Снаружи лил дождь, и улицы, блестящие и стеклянистые, были по большей части пустынны, когда я несся по Грейт-Даркгейт-стрит в больницу. Сердце мое колотилось, во рту пересохло от страха; новость о том, что Эванс-Башмак мертв, не значила ничего, но открытие, что Мивануи и Дай Мозгли были любовниками, отверткой засело в сердце. У больницы я поставил машину поближе к центральному входу, выскочил под дождь и пробежал к ярко освещенной двери. Из тени выступил полицейский и преградил мне путь:

– Вы куда?

– А что – закон запрещает посещать больных?

– Часы посещений еще не начались – приходите утром.

Еще одна фигура выступила из тени.

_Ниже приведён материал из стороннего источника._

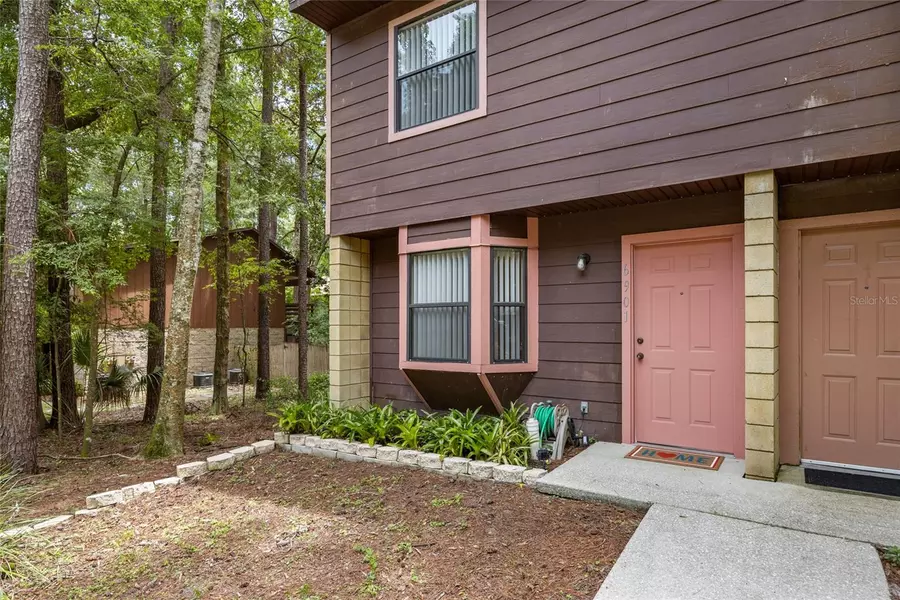 6901 SW 44TH AVE, Gainesville, FL 32608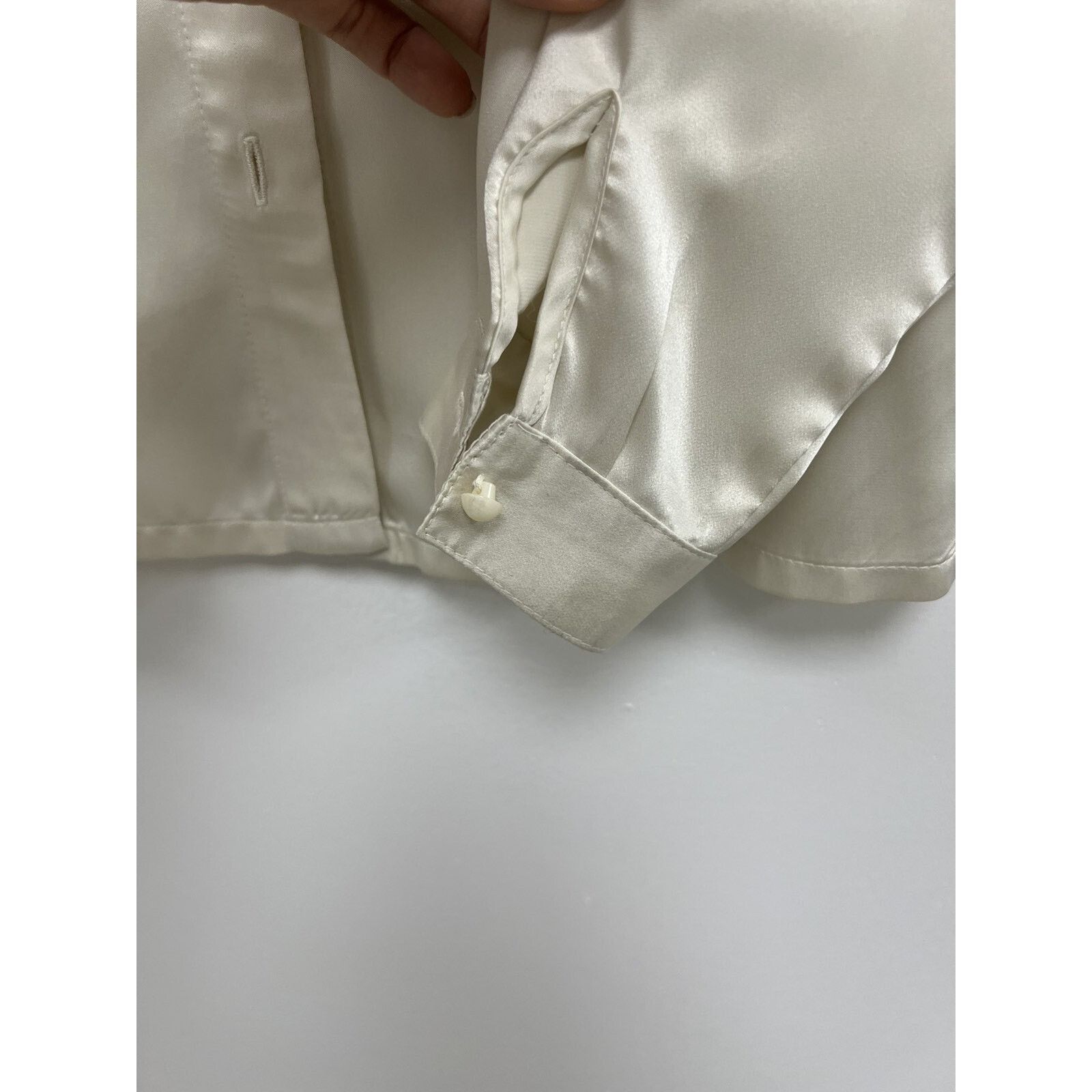 Gianni Valentino GIANNI Women Blouse Long Sleeve Made in USA Ivory A001635 Size M / US 6-8 / IT 42-44 - 5 Thumbnail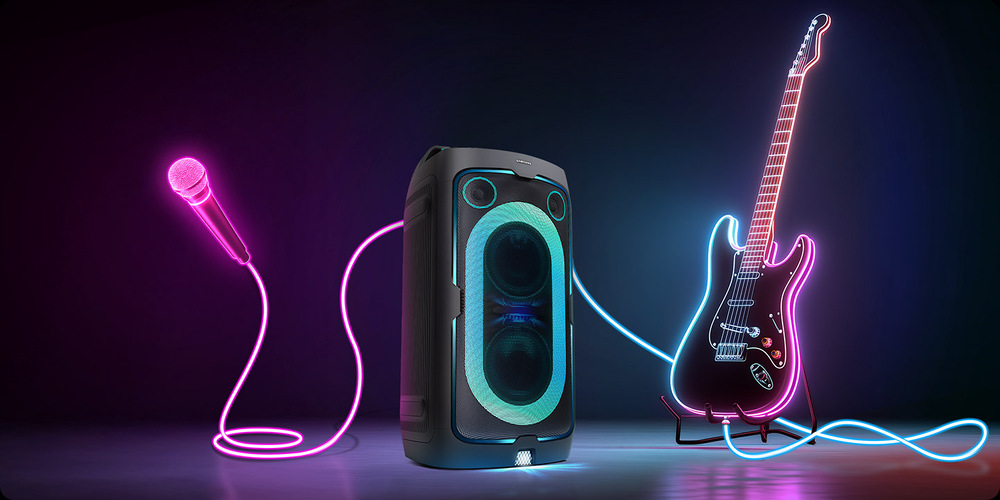 Modro svietiaci reproduktor Samsung MX-ST40F stojí na zemi, k reproduktoru je pripojená svietiaca elektrická gitara a svietiaci mikrofón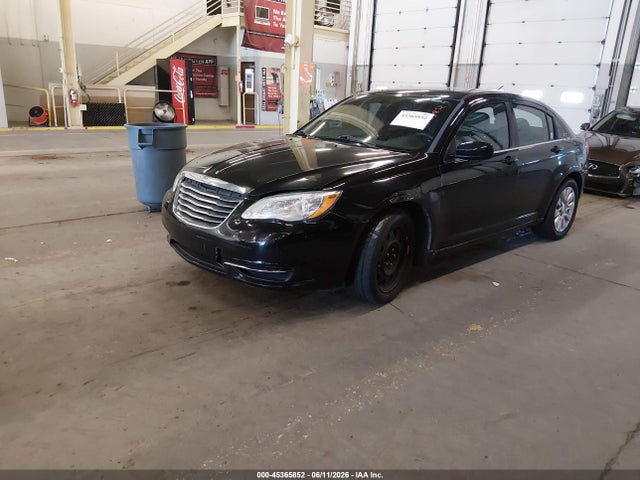 Chrysler 200 Touring 2014 1C3CCBBBXEN184974 Image 2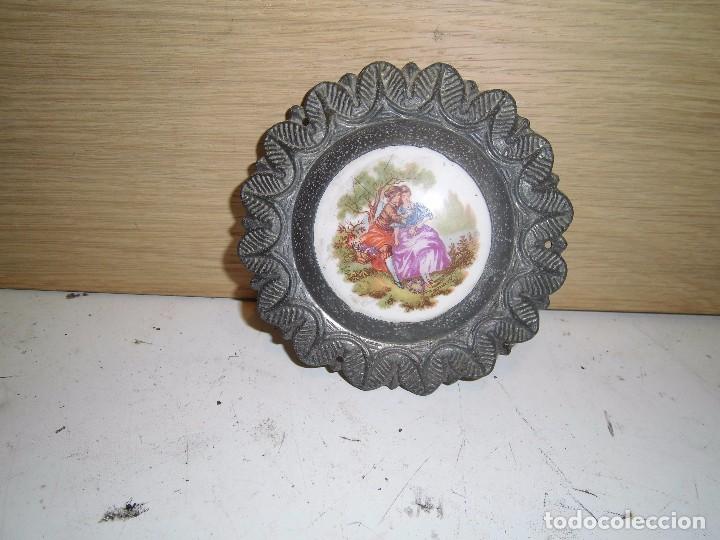 Antig&uuml;edades: antiguo embellecedor para puerta - Foto 2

Ллинос. Он, как обычно, был мне не рад.

– Твоя мамаша что, путалась со стервятником?

– Ты это к чему?

– Не успею я найти труп, как ты уже нарисовался.

– Я мог бы сказать то же самое о тебе.

– Мог бы, но после этого тебе пришлось бы сходить к дантисту. Что тебе надо?

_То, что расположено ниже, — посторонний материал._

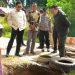Bupati Merangin M. Syukur bersama jajaran OPD meninjau langsung kondisi jalan dan box culvert rusak di sejumlah desa. (Dok: Rahmat)
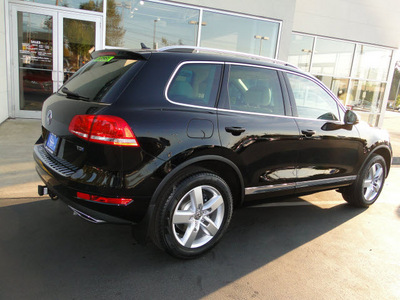 volkswagen touareg 2012 black suv tdi lux diesel 6 cylinders all whee drive automatic 98226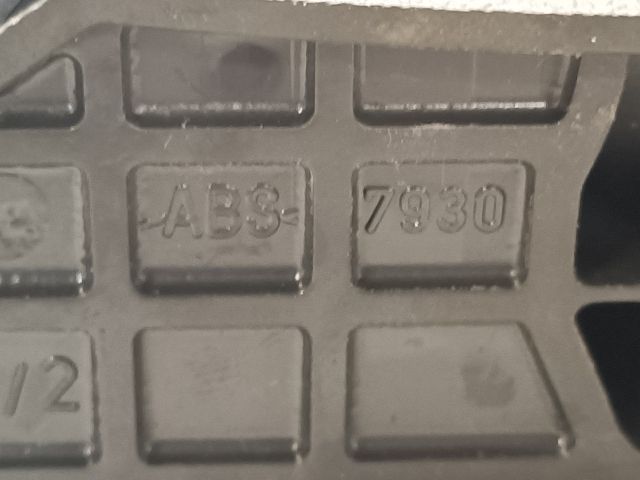 bontott TOYOTA YARIS Bal hátsó Belső Kilincs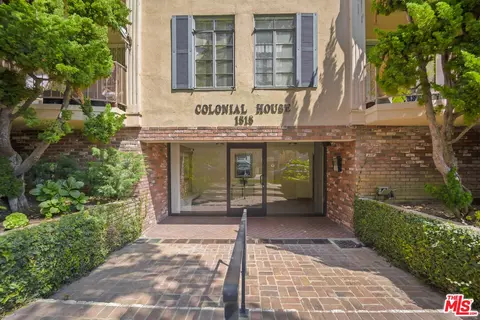 1818 Pelham Ave #205, Los Angeles, CA 90025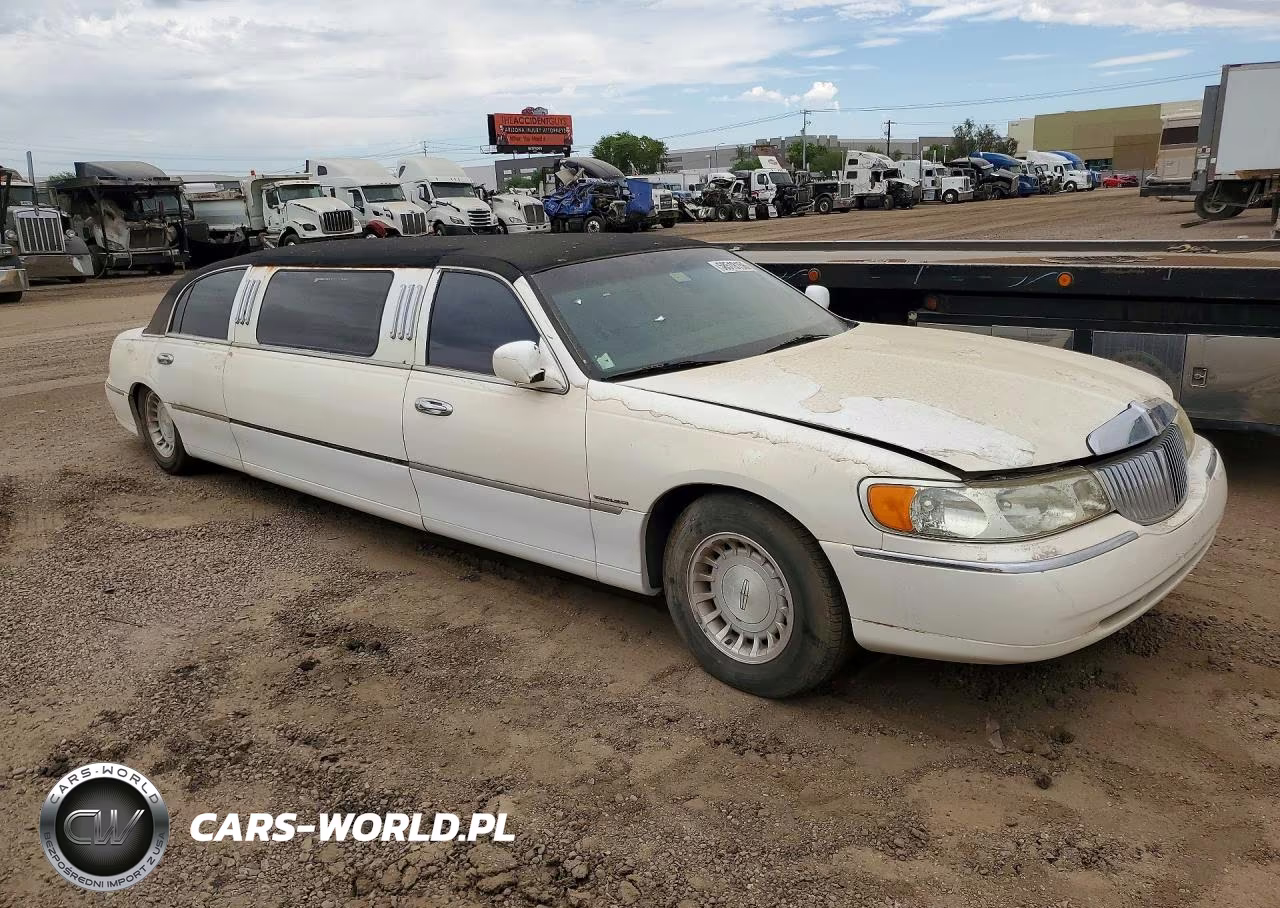 2001 Lincoln Town Car Executive VIN:1L1FM81W01Y704313 - 4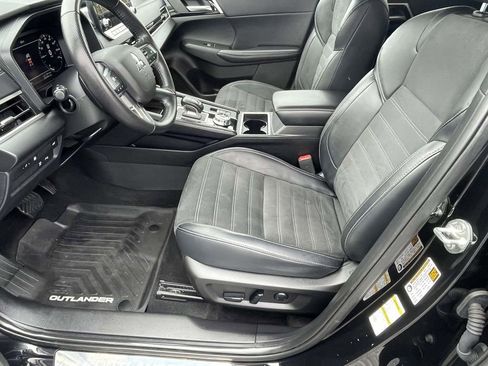 Used 2024 Mitsubishi Outlander SEL image 14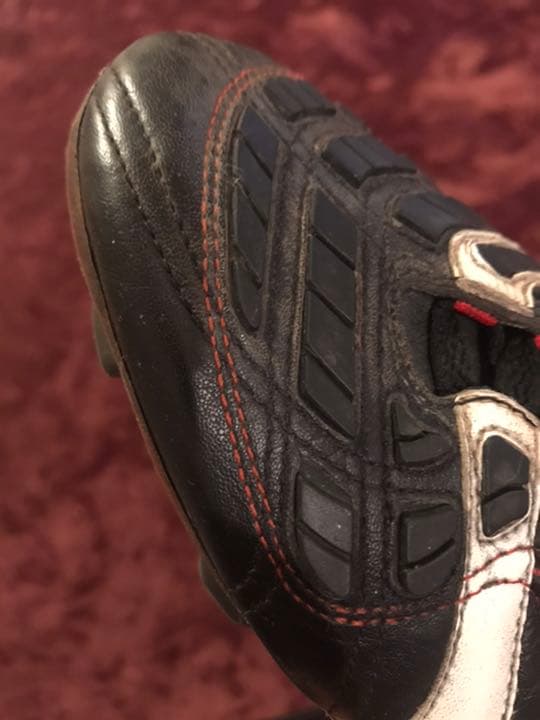 シューズ adidas ACCELERATOR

Я понял, что Ллинос меня ни за что не впустит, и решил пуститься во все тяжкие – сказать правду.

– Мне нужно повидать Мивануи.

Он явно не привык к такому обращению.

– С чего ты взял, что она здесь?

– Один человек сказал мне, что нашли Эванса и она поехала в морг. Мне входить нет нужды, дела у меня с ней, а не с Эвансом-Башмаком. Не могли бы вы ей передать, что я тут, – я подожду в машине.

Второй полицейский засмеялся:

– Ой, ну какая прелесть! Не могли бы мы ей передать…

Ллинос оборвал его нетерпеливым жестом. Затем посмотрел на меня:

– В машине? – Я кивнул. – О'кей, это мы можем. Я ей дам знать.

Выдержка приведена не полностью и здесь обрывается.